---
title: "Trump's triumphal arch advances, teeing up a fight over Washington's height limits"
description: "A grand triumphal arch that President Trump wants built near Arlington cleared a preliminary review this week, moving the project forward while leaving unresolved a fundamental question: whether the century-old law that keeps Washington's skyline low applies to a monument this tall."
category: "U.S."
category_url: https://herald.la/category/us
author: "Elias Rosen"
published: 2026-07-10T04:52:00.000Z
updated: 2026-07-10T04:52:00.000Z
canonical: https://herald.la/article/trumps-triumphal-arch-advances-teeing-up-a-fight-over-washingtons-height-limits
tags: ["washington-dc", "monuments", "trump", "arlington", "architecture"]
---
# Trump's triumphal arch advances, teeing up a fight over Washington's height limits

A grand triumphal arch that President Trump wants built near Arlington cleared a preliminary review this week, moving the project forward while leaving unresolved a fundamental question: whether the century-old law that keeps Washington's skyline low applies to a monument this tall.

A monument that President Trump has championed for the nation's 250th anniversary took another step forward this week, and with it came a debate over the rules that have long governed how tall anything in Washington can be.

## What happened

The National Capital Planning Commission gave the proposed arch a preliminary approval, advancing it while flagging design and legal questions still to be settled, [NPR reported](https://www.npr.org/2026/07/09/nx-s1-5884728/trump-arch-height-act-commission-meeting). The vote clears a procedural hurdle but is not the final word; the commission set a later meeting, expected in the fall, to weigh full approval, [ABC News reported](https://abcnews.com/Politics/trumps-proposed-arch-gets-preliminary-approval-key-agency/story?id=134633167).

## A very tall arch

The plan is for a large triumphal arch near the Virginia end of Memorial Bridge, close to Arlington National Cemetery, and, at a proposed height of about 250 feet, it would tower over much of the capital's monumental core, [ABC News reported](https://abcnews.com/Politics/trumps-proposed-arch-gets-preliminary-approval-key-agency/story?id=134633167). That height is the crux of the controversy.

## The height-limit question

Washington's low, horizontal skyline is not an accident; it is protected by the Height of Buildings Act of 1910, which caps how tall structures can be. The Trump administration's Interior Department has argued that the law does not apply to federal buildings, while the planning commission has historically taken the opposite view, that the limit is binding, [the Washington Times reported](https://www.washingtontimes.com/news/2026/jul/9/trump-triumphal-arch-wins-early-approval-national-capital-planning/).
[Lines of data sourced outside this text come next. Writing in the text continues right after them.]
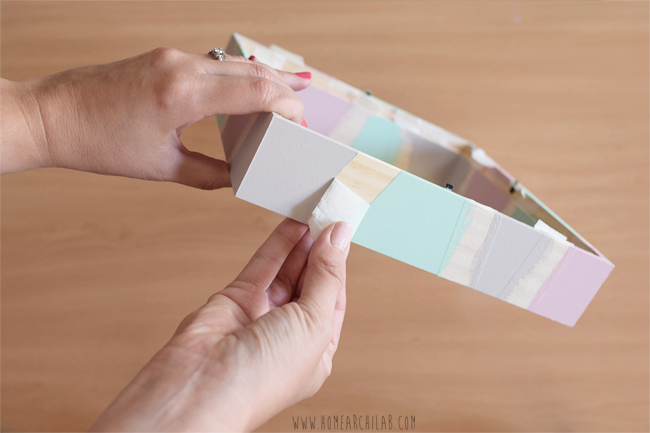 diy marco decorativo infantil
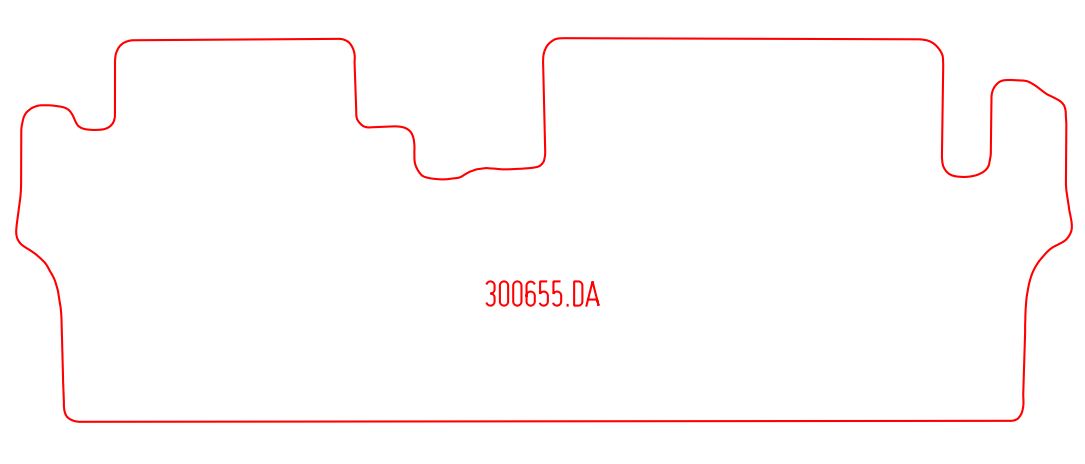 Automatten Hyundai H300 (2007-Heden)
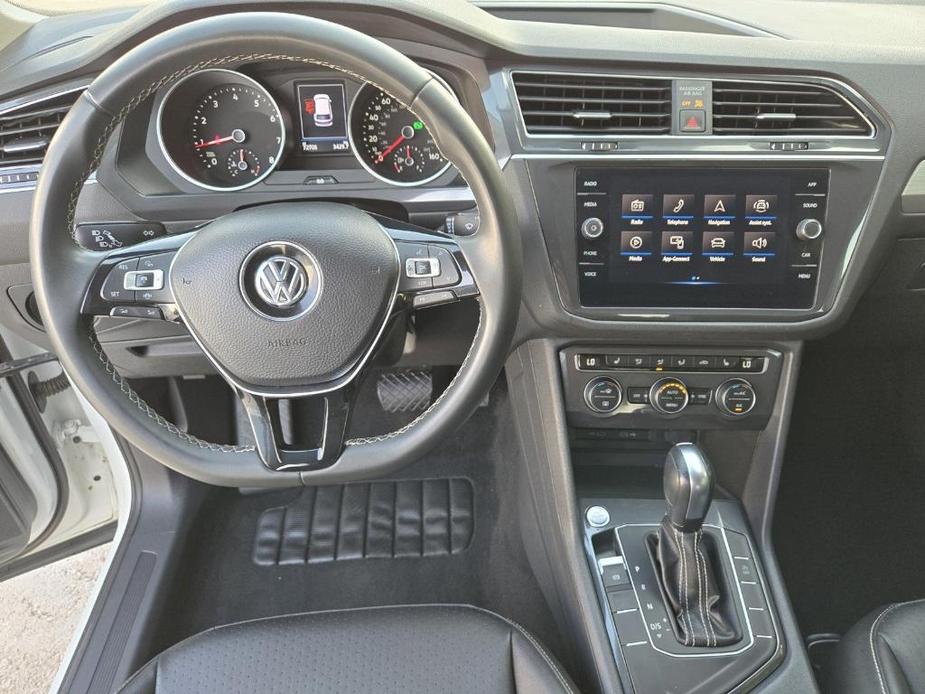 used 2021 Volkswagen Tiguan car, priced at $19,041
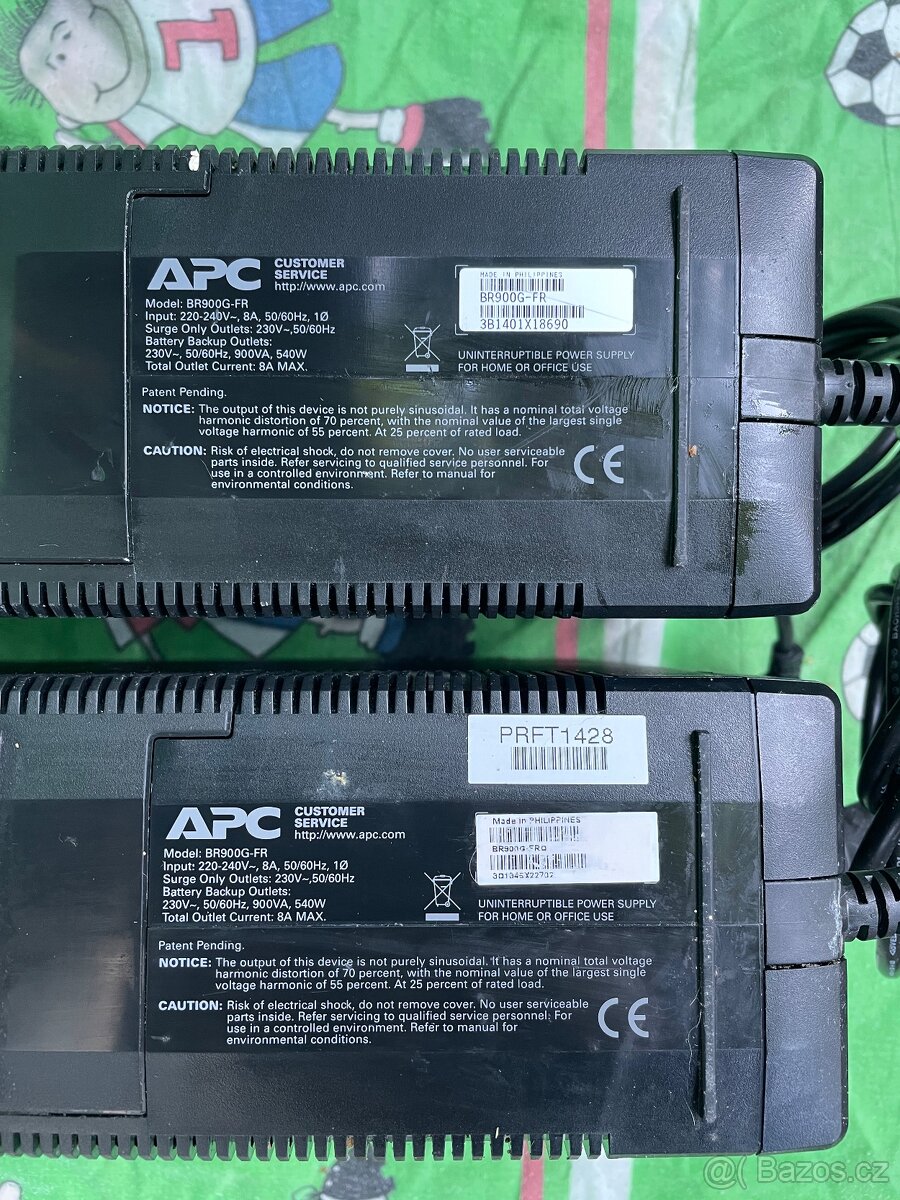 APC Power Saving Back-UPS Pro 900 eurozásuvky - 3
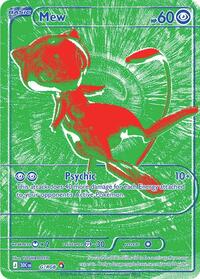 Mew - G/RGB (G) - ME: 30th Celebration (30C)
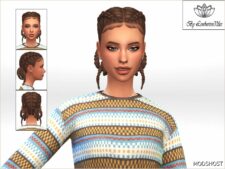 Sims 4 Female Mod: Josie Hair – Child Version (Featured)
Commissioners floated a possible redesign that would shift the arch's proportions to fit within the limit while keeping its overall height, and deferred a formal ruling on whether the act applies.

## Support and opposition

The project has drawn sharp objections, including from veterans and Gold Star families who worry it would intrude on the solemnity and sight lines of Arlington, and who question both the design and the process, [ABC News reported](https://abcnews.com/Politics/trumps-proposed-arch-gets-preliminary-approval-key-agency/story?id=134633167). Supporters, including the commission's leadership, have emphasized the importance of commemorating the country's 250th year, without necessarily endorsing every detail of the plan. A separate design review body signed off on the concept earlier this year.

## What's next

Several steps remain before anything is built, including further federal reviews and the commission's final vote in the fall, and no public cost estimate has been released, [the Washington Times reported](https://www.washingtontimes.com/news/2026/jul/9/trump-triumphal-arch-wins-early-approval-national-capital-planning/). For now, the arch is advancing, and with it a genuinely consequential question about whether a monument can rise above the rules that have kept the capital's skyline low for more than a century.